──────── Listed records
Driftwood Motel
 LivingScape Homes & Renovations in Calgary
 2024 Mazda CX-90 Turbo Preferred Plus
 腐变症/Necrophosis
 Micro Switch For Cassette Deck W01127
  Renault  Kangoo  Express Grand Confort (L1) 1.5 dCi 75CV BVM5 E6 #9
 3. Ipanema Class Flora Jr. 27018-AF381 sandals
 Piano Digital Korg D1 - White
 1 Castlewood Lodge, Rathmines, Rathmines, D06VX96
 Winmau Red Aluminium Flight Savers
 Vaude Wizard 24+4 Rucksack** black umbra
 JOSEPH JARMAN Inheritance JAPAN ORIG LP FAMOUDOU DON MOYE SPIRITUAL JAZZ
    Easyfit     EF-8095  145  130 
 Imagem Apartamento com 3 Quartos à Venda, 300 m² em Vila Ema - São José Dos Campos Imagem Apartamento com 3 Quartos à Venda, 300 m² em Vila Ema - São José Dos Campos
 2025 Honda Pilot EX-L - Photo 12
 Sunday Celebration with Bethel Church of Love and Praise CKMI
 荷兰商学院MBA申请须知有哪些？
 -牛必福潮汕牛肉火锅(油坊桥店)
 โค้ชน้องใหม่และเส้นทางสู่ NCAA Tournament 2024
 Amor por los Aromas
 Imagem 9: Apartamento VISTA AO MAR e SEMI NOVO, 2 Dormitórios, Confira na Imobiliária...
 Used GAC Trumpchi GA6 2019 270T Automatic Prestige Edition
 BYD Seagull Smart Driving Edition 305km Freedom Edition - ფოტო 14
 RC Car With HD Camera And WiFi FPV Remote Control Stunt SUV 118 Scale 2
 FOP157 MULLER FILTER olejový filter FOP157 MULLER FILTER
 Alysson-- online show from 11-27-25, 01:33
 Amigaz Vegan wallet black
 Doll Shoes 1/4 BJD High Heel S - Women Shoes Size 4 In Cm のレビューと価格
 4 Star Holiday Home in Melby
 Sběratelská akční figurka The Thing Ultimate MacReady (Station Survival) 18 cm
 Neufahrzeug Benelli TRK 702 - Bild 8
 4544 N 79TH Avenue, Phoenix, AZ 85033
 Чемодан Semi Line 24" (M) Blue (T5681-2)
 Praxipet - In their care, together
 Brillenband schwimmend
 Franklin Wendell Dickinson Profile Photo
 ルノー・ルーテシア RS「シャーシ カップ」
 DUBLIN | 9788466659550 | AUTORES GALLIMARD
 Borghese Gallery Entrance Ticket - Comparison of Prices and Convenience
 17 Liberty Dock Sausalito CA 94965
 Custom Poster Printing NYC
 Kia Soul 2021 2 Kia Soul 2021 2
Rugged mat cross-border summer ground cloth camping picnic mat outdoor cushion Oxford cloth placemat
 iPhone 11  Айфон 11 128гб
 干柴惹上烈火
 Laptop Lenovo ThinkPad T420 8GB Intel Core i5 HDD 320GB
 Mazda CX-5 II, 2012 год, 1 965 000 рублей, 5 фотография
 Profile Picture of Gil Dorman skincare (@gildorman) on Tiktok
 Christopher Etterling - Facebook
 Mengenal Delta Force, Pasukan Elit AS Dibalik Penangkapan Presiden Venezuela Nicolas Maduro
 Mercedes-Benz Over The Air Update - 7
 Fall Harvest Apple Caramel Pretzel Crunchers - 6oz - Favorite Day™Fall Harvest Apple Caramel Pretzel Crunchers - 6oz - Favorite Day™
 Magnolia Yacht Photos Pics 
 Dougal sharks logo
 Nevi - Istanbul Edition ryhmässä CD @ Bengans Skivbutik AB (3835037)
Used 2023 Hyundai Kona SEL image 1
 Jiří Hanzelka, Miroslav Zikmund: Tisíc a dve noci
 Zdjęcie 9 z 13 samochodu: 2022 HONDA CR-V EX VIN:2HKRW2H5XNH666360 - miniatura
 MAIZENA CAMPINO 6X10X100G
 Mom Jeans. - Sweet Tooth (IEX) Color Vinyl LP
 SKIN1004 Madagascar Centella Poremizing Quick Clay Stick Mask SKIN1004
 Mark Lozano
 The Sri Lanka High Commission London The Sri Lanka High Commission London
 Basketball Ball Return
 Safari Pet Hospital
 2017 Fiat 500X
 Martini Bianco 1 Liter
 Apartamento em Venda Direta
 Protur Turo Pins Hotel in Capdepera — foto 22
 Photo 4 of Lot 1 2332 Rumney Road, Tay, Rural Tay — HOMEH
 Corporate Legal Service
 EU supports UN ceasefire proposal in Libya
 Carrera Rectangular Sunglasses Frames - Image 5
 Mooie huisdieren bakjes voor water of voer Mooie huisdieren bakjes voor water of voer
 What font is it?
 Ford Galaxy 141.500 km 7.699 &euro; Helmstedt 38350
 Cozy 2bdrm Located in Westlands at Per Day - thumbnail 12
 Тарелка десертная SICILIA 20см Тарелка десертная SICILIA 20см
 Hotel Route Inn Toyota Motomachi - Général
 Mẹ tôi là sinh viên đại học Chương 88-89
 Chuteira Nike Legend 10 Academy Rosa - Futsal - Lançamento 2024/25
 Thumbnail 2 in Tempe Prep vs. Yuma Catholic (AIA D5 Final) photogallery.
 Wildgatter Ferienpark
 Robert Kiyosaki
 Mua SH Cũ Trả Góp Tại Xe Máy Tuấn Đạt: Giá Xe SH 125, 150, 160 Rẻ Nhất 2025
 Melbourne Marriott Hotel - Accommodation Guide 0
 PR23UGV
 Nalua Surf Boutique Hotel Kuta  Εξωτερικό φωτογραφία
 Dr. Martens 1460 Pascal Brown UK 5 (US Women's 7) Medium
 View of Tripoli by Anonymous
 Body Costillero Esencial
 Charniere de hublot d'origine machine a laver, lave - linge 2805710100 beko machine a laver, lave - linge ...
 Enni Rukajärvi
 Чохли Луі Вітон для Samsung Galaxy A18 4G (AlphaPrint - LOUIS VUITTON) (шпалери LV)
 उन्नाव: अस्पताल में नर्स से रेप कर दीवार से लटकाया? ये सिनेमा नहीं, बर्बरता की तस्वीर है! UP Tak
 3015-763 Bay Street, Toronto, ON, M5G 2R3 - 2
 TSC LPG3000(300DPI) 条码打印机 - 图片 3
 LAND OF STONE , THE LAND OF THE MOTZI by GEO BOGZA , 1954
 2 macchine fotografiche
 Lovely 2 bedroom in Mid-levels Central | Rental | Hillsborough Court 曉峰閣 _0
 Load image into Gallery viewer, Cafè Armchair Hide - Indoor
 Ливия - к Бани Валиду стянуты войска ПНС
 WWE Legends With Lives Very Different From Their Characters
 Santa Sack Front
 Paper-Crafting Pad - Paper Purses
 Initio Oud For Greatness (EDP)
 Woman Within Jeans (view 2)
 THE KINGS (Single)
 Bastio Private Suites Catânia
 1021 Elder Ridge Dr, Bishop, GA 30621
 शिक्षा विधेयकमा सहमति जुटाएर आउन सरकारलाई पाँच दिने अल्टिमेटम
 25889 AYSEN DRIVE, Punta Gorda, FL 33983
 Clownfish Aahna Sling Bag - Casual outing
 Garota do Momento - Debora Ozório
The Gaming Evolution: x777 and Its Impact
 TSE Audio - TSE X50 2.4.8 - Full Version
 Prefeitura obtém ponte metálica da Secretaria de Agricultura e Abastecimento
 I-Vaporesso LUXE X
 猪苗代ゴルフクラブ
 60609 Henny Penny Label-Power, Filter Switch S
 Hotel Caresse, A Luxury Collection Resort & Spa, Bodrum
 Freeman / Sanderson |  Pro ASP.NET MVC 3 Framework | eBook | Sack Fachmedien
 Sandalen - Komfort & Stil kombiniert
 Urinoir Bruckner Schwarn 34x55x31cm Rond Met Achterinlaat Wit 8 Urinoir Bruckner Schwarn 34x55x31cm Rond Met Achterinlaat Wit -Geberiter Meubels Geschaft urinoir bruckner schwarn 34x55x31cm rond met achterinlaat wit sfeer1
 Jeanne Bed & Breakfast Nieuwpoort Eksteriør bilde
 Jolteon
────────────────
**Exercise**
A copy of each line in the data above that holds the string "Profile" is needed.

**Result of this exercise**
 Franklin Wendell Dickinson Profile Photo
 Profile Picture of Gil Dorman skincare (@gildorman) on Tiktok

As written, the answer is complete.